Data records below:

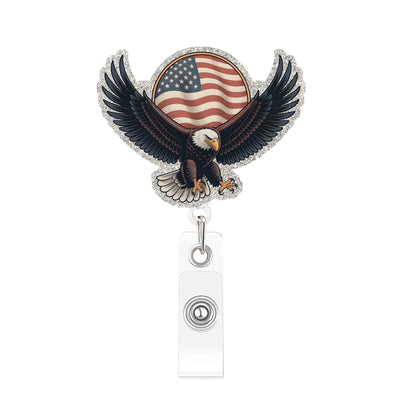 Acrylic Circular Flag and Eagle Badge Reel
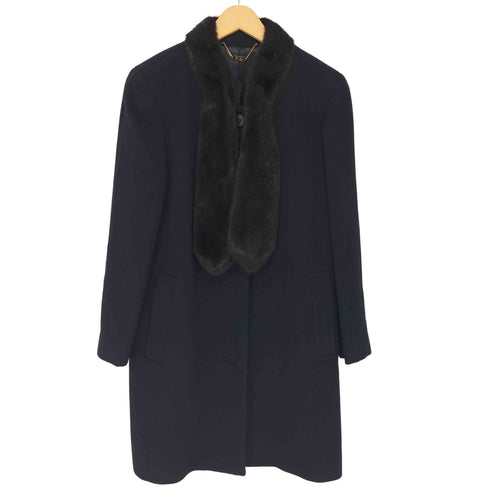hi style ミンクファー付き カシミヤ混コート レディース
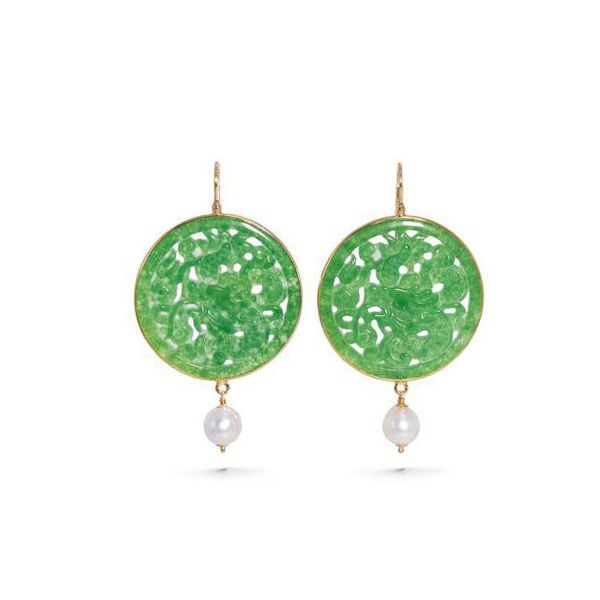 2. Jade, earrings with pearl green BRASS Workshop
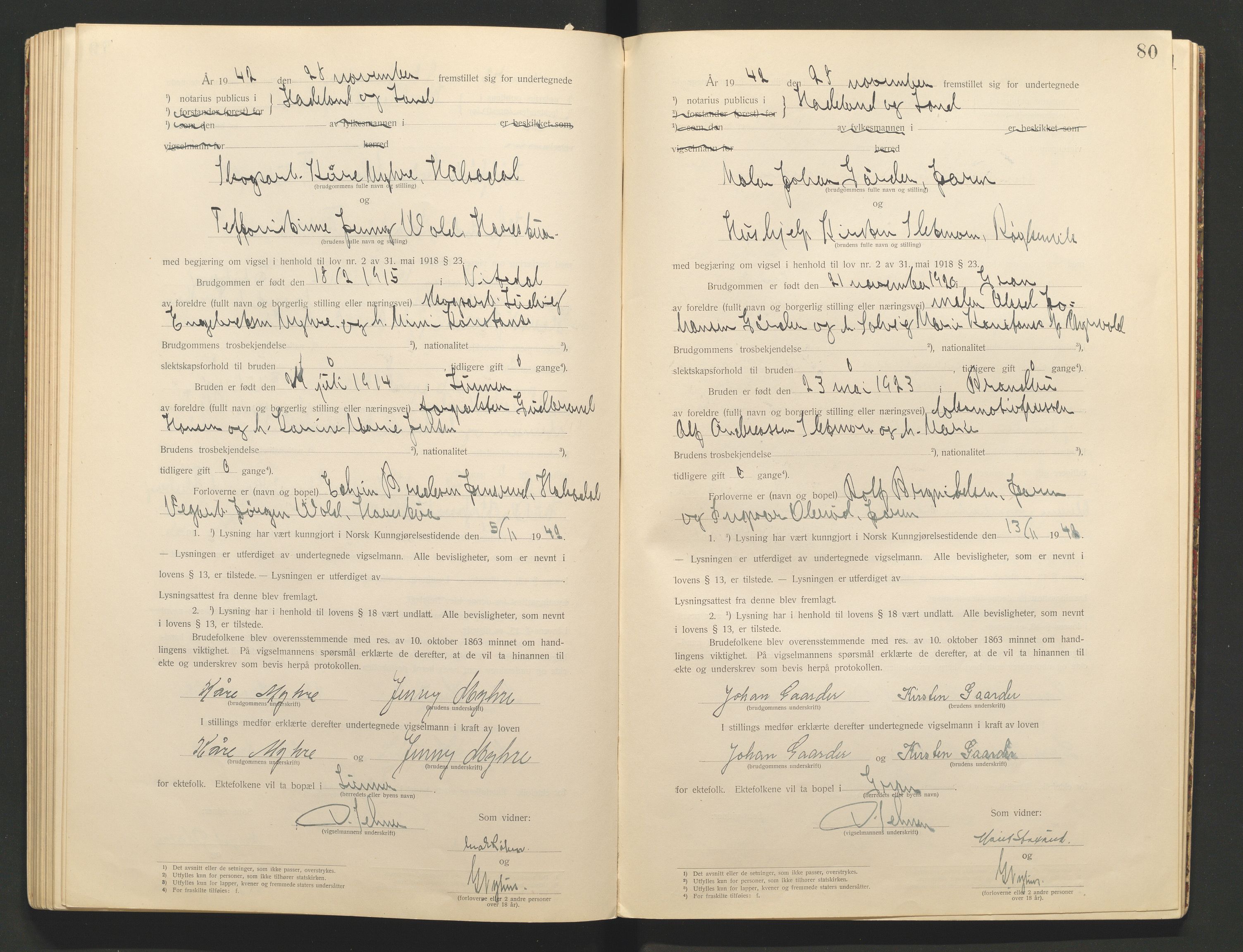 Hadeland og Land tingrett, AV/SAH-TING-010/L/Lb/L0001: Vigselbok, 1920-1943, p. 80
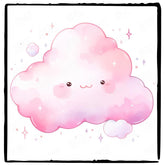 Cute Pink Smiley Cloud Pattern Design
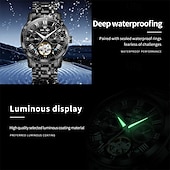 levne Mechanické hodinky-Nové pánské business hodinky značky Olevs s luminiscenčním displejem, věčným kalendářem a týdenním zobrazením. Plně mechanické hodinky s dutým rotorem pro běžné nošení, voděodolné, vhodné pro sport.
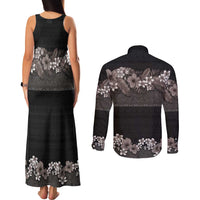 Hawaiian Tropical Flowers and Tribal Polynesian Tattoo Couples Matching Tank Maxi Dress and Long Sleeve Button Shirt Grayscale Mode LT03 - Polynesian Pride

End of Data records.

## [Work request]
What is needed is an exact copy of the entries, without any images.

## [Task solution]
 Acrylic Circular Flag and Eagle Badge Reel
hi style ミンクファー付き カシミヤ混コート レディース
 2. Jade, earrings with pearl green BRASS Workshop
 Hadeland og Land tingrett, AV/SAH-TING-010/L/Lb/L0001: Vigselbok, 1920-1943, p. 80
 Cute Pink Smiley Cloud Pattern Design
 levne Mechanické hodinky-Nové pánské business hodinky značky Olevs s luminiscenčním displejem, věčným kalendářem a týdenním zobrazením. Plně mechanické hodinky s dutým rotorem pro běžné nošení, voděodolné, vhodné pro sport.
 Hawaiian Tropical Flowers and Tribal Polynesian Tattoo Couples Matching Tank Maxi Dress and Long Sleeve Button Shirt Grayscale Mode LT03 - Polynesian Pride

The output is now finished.